(Captioned web image data)
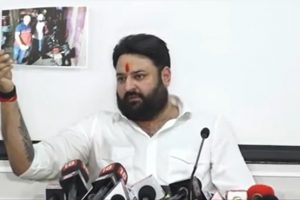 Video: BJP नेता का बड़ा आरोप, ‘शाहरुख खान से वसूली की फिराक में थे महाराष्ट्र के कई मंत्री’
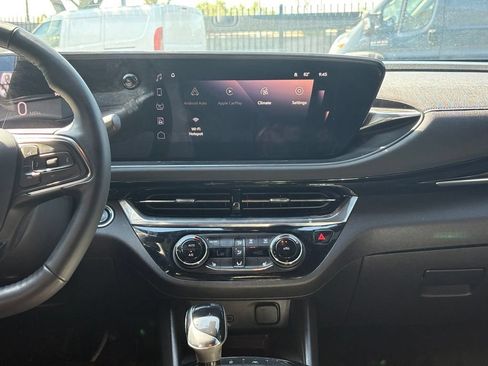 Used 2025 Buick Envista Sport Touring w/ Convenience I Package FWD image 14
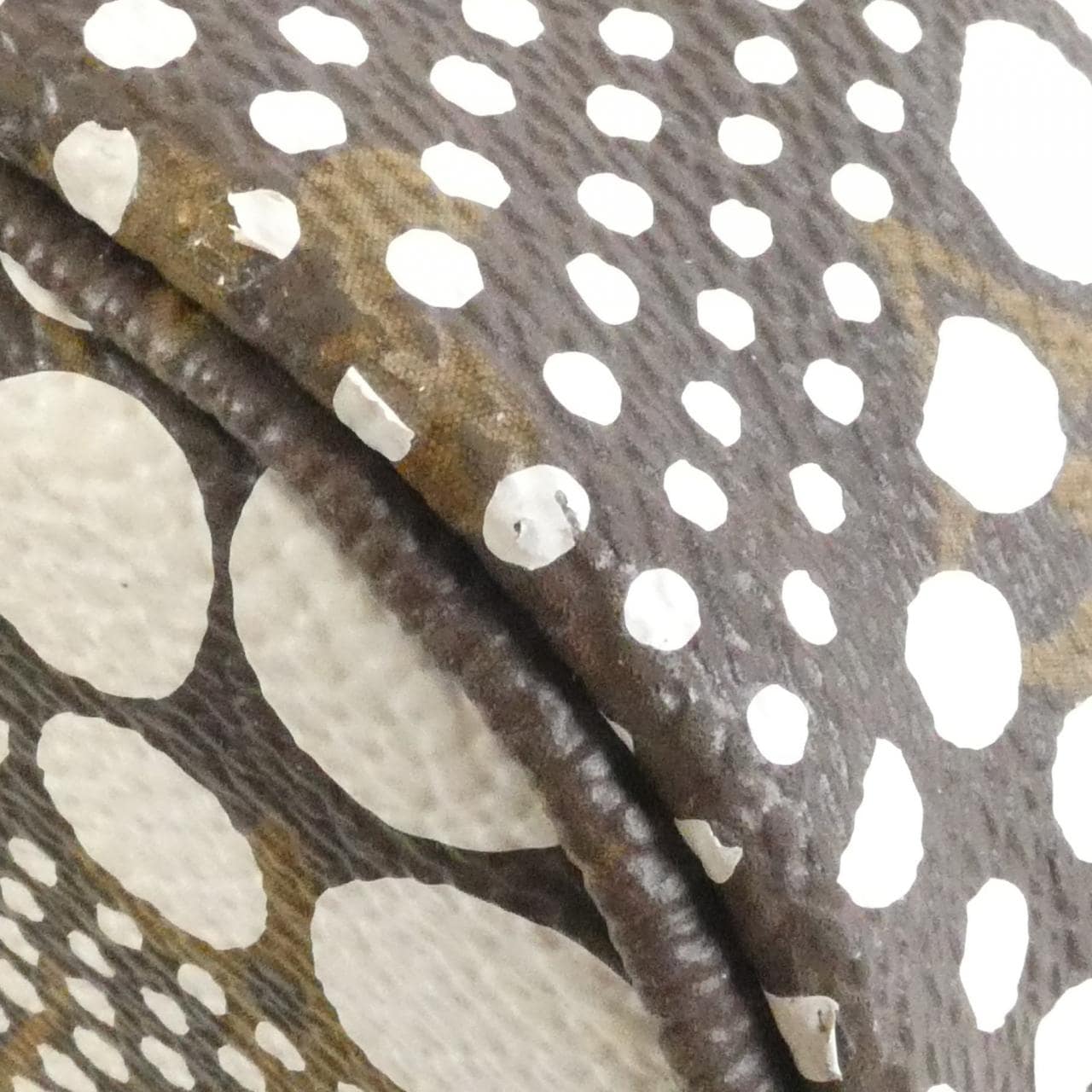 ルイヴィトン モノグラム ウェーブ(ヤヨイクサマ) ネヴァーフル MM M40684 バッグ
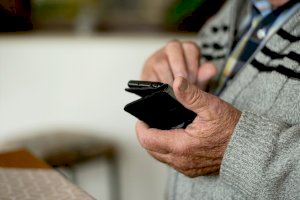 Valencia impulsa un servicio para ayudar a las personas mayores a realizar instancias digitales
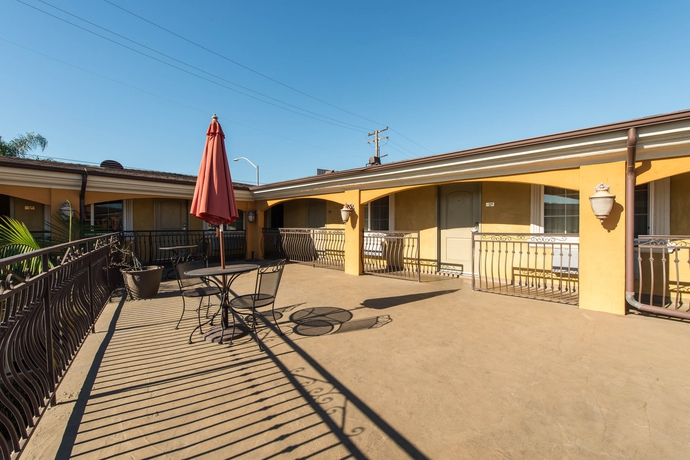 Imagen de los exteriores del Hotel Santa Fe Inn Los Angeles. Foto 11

What the exercise asks: Could you give all the records again, exactly, minus the pictures?

Output for this task:
 Video: BJP नेता का बड़ा आरोप, ‘शाहरुख खान से वसूली की फिराक में थे महाराष्ट्र के कई मंत्री’
 Used 2025 Buick Envista Sport Touring w/ Convenience I Package FWD image 14
 ルイヴィトン モノグラム ウェーブ(ヤヨイクサマ) ネヴァーフル MM M40684 バッグ
 Valencia impulsa un servicio para ayudar a las personas mayores a realizar instancias digitales
 Imagen de los exteriores del Hotel Santa Fe Inn Los Angeles. Foto 11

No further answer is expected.